Now, The Centers for Medicare and Medicaid Services (CMS) appears to be getting serious about fighting Medicare fraud associated with the power mobility benefit. The agency has recently shifted their focus from measures that restrict access to power wheelchairs and scooters to actually tracking down fraudulent suppliers and putting an end to costly scams that are costing the government millions of dollars.

In a July 2 press conference, Health and Human Services Secretary, Michael Leavitt announced an expansion of the Medicare Fraud Strike Force, a two-year effort designed to further protect Medicare beneficiaries from fraudulent suppliers. The power mobility industry applauds this new direction. Suppliers, manufacturers and Medicare beneficiaries still suffer from the series of regulatory changes — reimbursement cuts, new coding, competitive bidding and others — that were touted by CMS as tough action against fraud. But in most instances, the victims of these policies were legitimate suppliers and beneficiaries, not the scammers.
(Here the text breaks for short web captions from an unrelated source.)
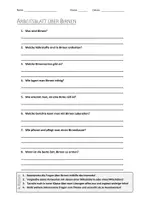 Vorschau - Arbeitsblätter - AB mit Fragen zum Thema "Birnen" + Lösungsblatt + Infografik - Deckblatt
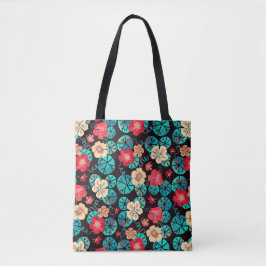 Bolso De Tela Elegante patrón floral moderno vintage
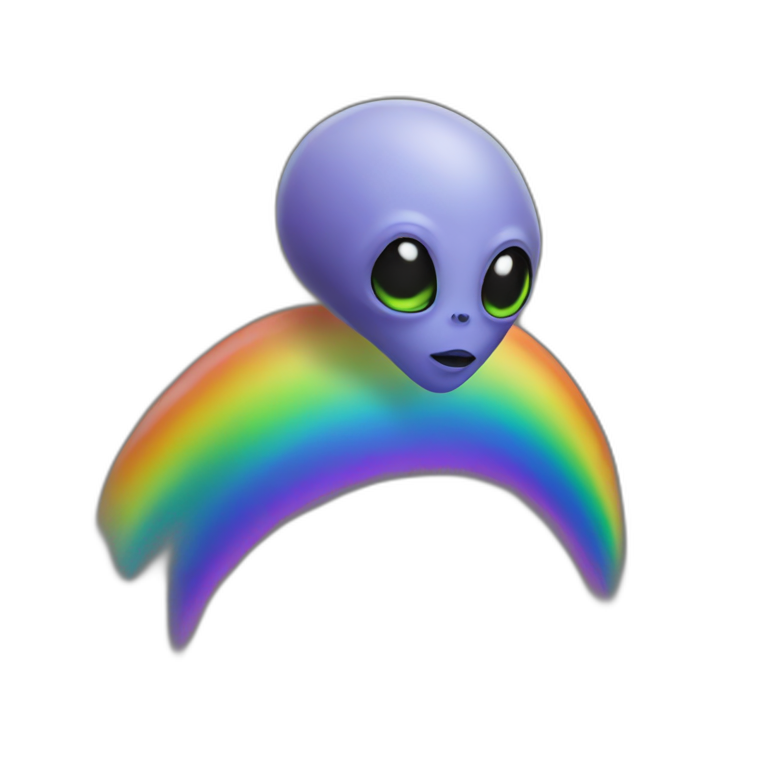 rainbow skin alien emoji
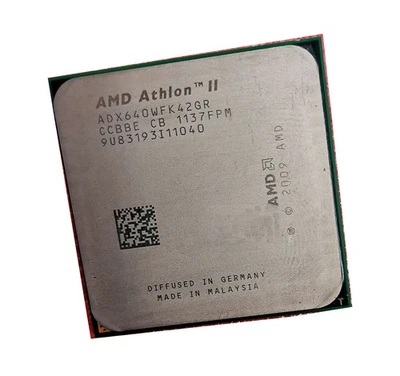AMD Athlon II X4 640 ADX640WFK42GR 3GHz 4-core Socket AM3 95W CPU Processor - Image 1 of 2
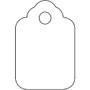 Office Wagon; Brand Unstrung Merchandise Tags, 1 3/4 inch; x 2 7/8 inch;, White, Case Of 1,000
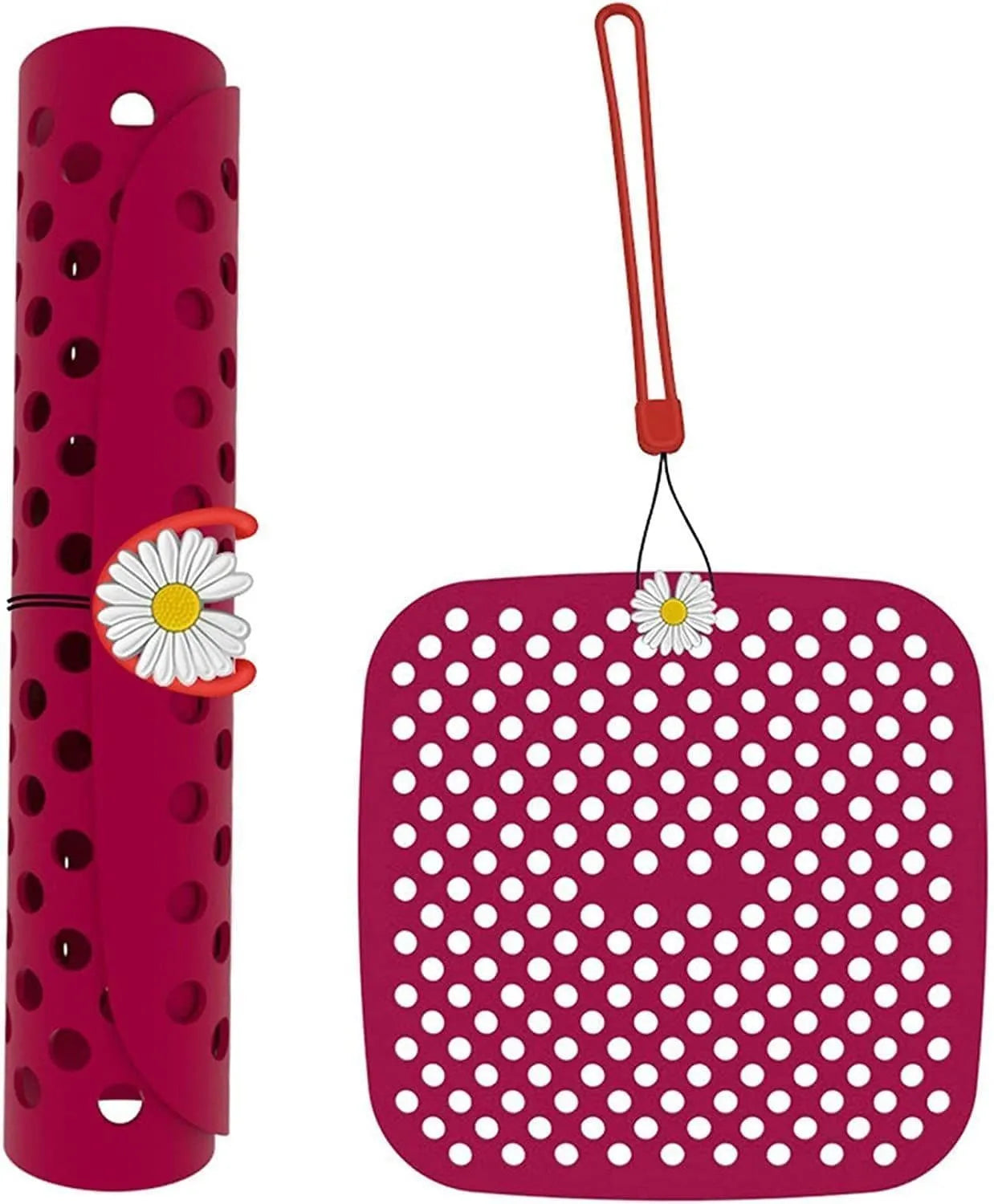 Display pad - Silicone panel rectangular Maroon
At least now, CMS has its sights on the right target: the fraudulent dealers. The demonstration project is aimed at South Florida and Los Angeles. Under the initiative, suppliers (about 2,700 in South Florida and 5,000 in LA) must reapply for their National Supplier Clearinghouse (NSC) supplier numbers; these numbers are required to bill the Medicare system. And, suppliers will need to be accredited and CMS will also conduct unannounced site visits.

This is attacking the problem at the source!